== Extracted material
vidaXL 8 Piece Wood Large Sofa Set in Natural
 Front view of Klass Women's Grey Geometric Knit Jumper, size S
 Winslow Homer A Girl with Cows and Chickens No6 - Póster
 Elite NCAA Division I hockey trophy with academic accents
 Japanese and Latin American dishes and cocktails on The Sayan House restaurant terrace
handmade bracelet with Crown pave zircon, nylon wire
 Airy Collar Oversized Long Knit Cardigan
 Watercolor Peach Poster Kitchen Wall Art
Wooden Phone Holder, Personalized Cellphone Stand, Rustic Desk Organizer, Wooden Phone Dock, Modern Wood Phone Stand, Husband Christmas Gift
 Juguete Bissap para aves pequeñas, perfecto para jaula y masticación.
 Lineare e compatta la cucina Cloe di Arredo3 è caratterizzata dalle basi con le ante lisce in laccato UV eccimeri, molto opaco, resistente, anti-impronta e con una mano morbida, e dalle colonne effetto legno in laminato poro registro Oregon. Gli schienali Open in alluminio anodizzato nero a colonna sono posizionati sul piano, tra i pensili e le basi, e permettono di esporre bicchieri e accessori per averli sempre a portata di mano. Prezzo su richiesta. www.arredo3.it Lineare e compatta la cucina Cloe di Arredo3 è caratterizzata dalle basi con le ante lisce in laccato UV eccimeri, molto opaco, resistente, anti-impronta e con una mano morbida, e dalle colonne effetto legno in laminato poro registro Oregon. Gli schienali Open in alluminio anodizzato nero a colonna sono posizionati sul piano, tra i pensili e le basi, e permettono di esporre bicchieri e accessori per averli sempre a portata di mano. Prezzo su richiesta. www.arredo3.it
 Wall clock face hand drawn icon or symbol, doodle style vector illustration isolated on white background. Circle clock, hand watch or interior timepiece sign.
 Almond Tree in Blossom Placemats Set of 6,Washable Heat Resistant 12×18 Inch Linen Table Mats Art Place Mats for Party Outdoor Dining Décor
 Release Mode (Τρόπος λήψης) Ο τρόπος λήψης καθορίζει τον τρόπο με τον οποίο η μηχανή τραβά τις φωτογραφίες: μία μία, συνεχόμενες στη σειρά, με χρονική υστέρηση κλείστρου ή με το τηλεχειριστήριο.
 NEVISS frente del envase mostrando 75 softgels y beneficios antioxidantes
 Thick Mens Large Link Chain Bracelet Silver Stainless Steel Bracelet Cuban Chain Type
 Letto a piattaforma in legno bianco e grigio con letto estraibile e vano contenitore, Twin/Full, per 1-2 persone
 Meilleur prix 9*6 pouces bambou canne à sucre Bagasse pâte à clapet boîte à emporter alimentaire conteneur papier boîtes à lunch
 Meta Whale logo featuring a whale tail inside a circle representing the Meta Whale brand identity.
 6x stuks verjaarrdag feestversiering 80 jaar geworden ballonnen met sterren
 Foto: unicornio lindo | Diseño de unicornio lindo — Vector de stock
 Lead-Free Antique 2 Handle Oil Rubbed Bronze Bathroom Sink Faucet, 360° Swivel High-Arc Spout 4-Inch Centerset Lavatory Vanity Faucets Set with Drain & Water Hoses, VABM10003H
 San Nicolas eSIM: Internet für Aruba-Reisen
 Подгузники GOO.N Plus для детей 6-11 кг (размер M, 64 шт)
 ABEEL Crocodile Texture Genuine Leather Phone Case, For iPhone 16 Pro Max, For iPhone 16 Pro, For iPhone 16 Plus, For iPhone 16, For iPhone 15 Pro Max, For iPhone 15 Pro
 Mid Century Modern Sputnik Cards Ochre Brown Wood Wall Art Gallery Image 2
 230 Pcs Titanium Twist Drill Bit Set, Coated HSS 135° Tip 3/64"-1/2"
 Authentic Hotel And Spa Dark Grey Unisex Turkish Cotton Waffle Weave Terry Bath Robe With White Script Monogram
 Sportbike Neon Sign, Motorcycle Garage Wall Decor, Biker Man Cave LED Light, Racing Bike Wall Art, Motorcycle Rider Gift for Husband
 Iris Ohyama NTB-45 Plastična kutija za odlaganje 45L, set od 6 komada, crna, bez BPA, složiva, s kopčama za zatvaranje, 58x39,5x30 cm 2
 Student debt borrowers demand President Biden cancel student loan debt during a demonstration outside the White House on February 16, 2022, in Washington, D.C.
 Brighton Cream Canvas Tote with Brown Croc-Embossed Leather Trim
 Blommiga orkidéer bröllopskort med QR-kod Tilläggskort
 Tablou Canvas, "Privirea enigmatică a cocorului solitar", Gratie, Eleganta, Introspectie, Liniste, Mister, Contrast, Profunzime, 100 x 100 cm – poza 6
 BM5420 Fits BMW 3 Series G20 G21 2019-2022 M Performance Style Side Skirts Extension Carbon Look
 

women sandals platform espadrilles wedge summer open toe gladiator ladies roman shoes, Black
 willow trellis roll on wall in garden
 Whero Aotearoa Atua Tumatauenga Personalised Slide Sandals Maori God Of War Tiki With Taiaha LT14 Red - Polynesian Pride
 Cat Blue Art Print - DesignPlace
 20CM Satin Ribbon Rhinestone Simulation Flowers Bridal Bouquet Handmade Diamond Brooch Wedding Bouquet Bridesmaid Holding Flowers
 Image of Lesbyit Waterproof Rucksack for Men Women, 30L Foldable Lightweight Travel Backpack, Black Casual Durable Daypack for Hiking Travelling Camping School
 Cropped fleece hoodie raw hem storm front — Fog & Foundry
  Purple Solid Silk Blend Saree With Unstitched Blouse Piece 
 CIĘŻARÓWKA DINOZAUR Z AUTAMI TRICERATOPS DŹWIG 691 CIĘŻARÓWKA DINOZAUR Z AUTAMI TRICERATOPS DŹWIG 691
====
▸ Exercise
Give back exactly the lines above, from the line containing "Front view of" through the line containing "Almond Tree in", with both end lines and nothing more.

▸ Your solution
 Front view of Klass Women's Grey Geometric Knit Jumper, size S
 Winslow Homer A Girl with Cows and Chickens No6 - Póster
 Elite NCAA Division I hockey trophy with academic accents
 Japanese and Latin American dishes and cocktails on The Sayan House restaurant terrace
handmade bracelet with Crown pave zircon, nylon wire
 Airy Collar Oversized Long Knit Cardigan
 Watercolor Peach Poster Kitchen Wall Art
Wooden Phone Holder, Personalized Cellphone Stand, Rustic Desk Organizer, Wooden Phone Dock, Modern Wood Phone Stand, Husband Christmas Gift
 Juguete Bissap para aves pequeñas, perfecto para jaula y masticación.
 Lineare e compatta la cucina Cloe di Arredo3 è caratterizzata dalle basi con le ante lisce in laccato UV eccimeri, molto opaco, resistente, anti-impronta e con una mano morbida, e dalle colonne effetto legno in laminato poro registro Oregon. Gli schienali Open in alluminio anodizzato nero a colonna sono posizionati sul piano, tra i pensili e le basi, e permettono di esporre bicchieri e accessori per averli sempre a portata di mano. Prezzo su richiesta. www.arredo3.it Lineare e compatta la cucina Cloe di Arredo3 è caratterizzata dalle basi con le ante lisce in laccato UV eccimeri, molto opaco, resistente, anti-impronta e con una mano morbida, e dalle colonne effetto legno in laminato poro registro Oregon. Gli schienali Open in alluminio anodizzato nero a colonna sono posizionati sul piano, tra i pensili e le basi, e permettono di esporre bicchieri e accessori per averli sempre a portata di mano. Prezzo su richiesta. www.arredo3.it
 Wall clock face hand drawn icon or symbol, doodle style vector illustration isolated on white background. Circle clock, hand watch or interior timepiece sign.
 Almond Tree in Blossom Placemats Set of 6,Washable Heat Resistant 12×18 Inch Linen Table Mats Art Place Mats for Party Outdoor Dining Décor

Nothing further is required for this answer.